Mentre i media (giornali e tivù) si occupano ossessivamente del matrimonio di George Clooney, un evento privo di qualsiasi benché minimo interesse se non per lui, che pur avendo 53 anni non si rende ancora conto di che cosa l'aspetta, il mondo va avanti oppure indietro, dipende dai punti di vista. Auguriamo all'attore americano di vivere felice, o almeno non troppo scontento, con la sua nuova metà, ma ci sia consentito esprimere preoccupazione per ciò che sta accadendo sul piano internazionale tra l'indifferenza (e la rassegnazione) dell'opinione pubblica. Ci riferiamo in particolare alla situazione dell'Afghanistan, pressoché ignorata da tutti, per noia o assuefazione.
Si dà il caso che fra tre mesi la missione occidentale in quel Paese (chiamiamola correttamente guerra) giungerà al termine, di conseguenza i nostri contingenti militari, come quelli statunitensi e di altri alleati, torneranno a casa, eccetto un esiguo numero di soldati che rimarranno in loco quali osservatori. Significa che il conflitto, iniziatosi nel 2002 come reazione all'attacco islamista alle Torri gemelle di New York (organizzato da Osama Bin Laden, sospettato di essere protetto dai talebani e da costoro ospitato ovvero nascosto) è finito? Solo gli ingenui possono avere questa idea ottimistica.
Accadrà invece che, non appena gli eserciti democratici, incluso il nostro, ipocritamente incaricato di svolgere attività di pace (balle, la guerra è guerra), abbandoneranno i terreni di battaglia, lasciandosi alle spalle il fragile simulacro di una democrazia esportata e subito marcita, ricominceranno i guai: i talebani rialzeranno il capo e, poiché godono del consenso di numerosi compatrioti, in quattro e quattr'otto riconquisteranno la loro nazione momentaneamente invasa da Usa e soci, ripristinando il vecchio regime. Le avvisaglie sono già evidenti. Non ci credete? Ecco la notizia. Alcuni giorni orsono i suddetti talebani (maggioritari) hanno compiuto l'ennesima strage. Questa volta nella provincia di Ghazni: 80 morti, di cui 12 - sottolineo dodici - decapitati. Una carneficina di cui nessuno ha parlato, cosicché è come se non fosse avvenuta, ma 12 teste tagliate e altri 68 cadaveri in aggiunta meritano, suppongo, una riflessione.

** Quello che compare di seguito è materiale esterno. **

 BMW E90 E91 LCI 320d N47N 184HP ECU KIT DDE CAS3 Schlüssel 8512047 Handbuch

Se gli estremisti afghani, dopo 12 anni di combattimenti, sono ancora in grado di «offrire» agli invasori un'ecatombe del genere, forse siamo di fronte alla prova che l'iniziativa bellica è stata velleitaria, inutile. La tentata esportazione dei riti democratici in Afghanistan si è risolta in un'impresa fallimentare della quale dovremmo - noi occidentali - vergognarci, poiché dimostra che non conosciamo né la nostra debolezza né la forza dei talebani, in tempi lontani (ma non troppo) vincitori addirittura contro l'Unione Sovietica. Quanto siamo idioti. Desideriamo educare altri popoli, ma non siamo attrezzati per educare noi stessi alla realtà.
In sintesi. Che ci aspettiamo fra tre mesi se non la rivalsa e il trionfo dei talebani che ci eravamo illusi di mettere in un angolo durante due lustri di massacri? Conviene che ci battiamo il petto: abbiamo sbagliato tutto. Hanno sbagliato gli Usa a ritenere che fosse possibile convertire gli islamici ai propri modelli di governo, e abbiamo sbagliato noi italianucci ad accodarci agli americani per fare bella figura, senza renderci conto che sarebbe stata brutta, pessima.

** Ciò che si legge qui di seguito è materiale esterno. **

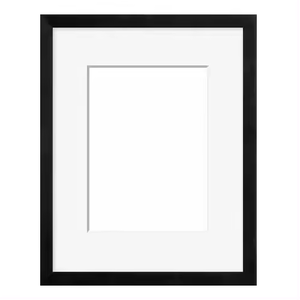 Pleksiglas ile katı ahşap yapılmış 8x10 resim çerçeveleri, ekran resimleri 4x 6/5x7 Mat veya 8x10 tablo için 4 Mat seti olmadan - Product Image 1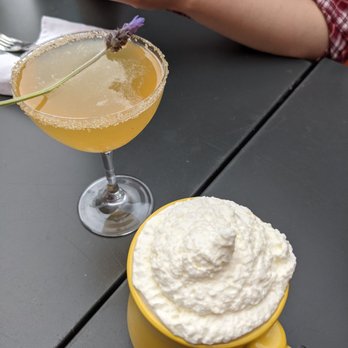 Snooze, an A.M. Eatery - Irish coffee and morning margarita. - Breakfast & Brunch Near Me - Orange, California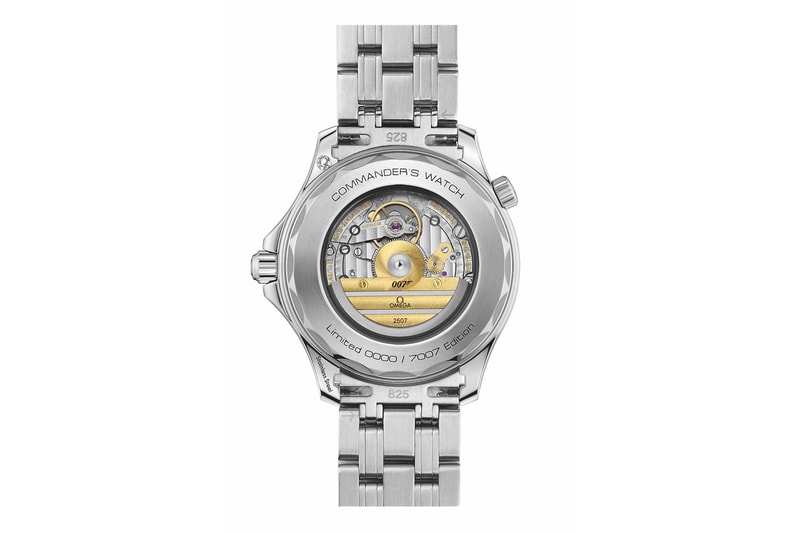 OMEGA Seamaster Diver 300m “Commander’s Watch” Limited Edition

Non riusciamo a ficcarci nel cranio che esistono Paesi impenetrabili per la nostra cultura, impossibili da piegare alla civiltà occidentale. Abbandonarli al loro destino è obbligatorio se si intende evitare ritorsioni. Mandare in certe zone soldati che a centinaia muoiono invano è una follia. Desistere, bisogna desistere anche per scongiurare ripercussioni violente da parte degli estremisti esaltati dalla religione. Ma sono parole al vento. Difatti sono in atto bombardamenti in Siria contro l'Isis, e trascuriamo quanto succede in Irak, dove si è battagliato anni e anni col risultato di incrementare nel popolo un odio antioccidentale talmente forte da essere incontenibile. Più bombe sganciamo su Siria e Irak, più teste vedremo staccarsi dal collo di nostra gente.
L'errore che commettiamo è il solito: interveniamo militarmente, ma appena appena, senza sporcarci le mani. E poiché gli islamici invece se le sporcano, eccome, ci menano di brutto. La guerra in Vietnam poi non ha insegnato nulla agli americani e neppure a noi.
Interferiamo nei fatti altrui suscitando risposte isteriche, cui replichiamo con raid aerei a casaccio, peggiorando i rapporti internazionali e collezionando sconfitte su sconfitte; e sorvoliamo sulle teste mozzate, in costante aumento.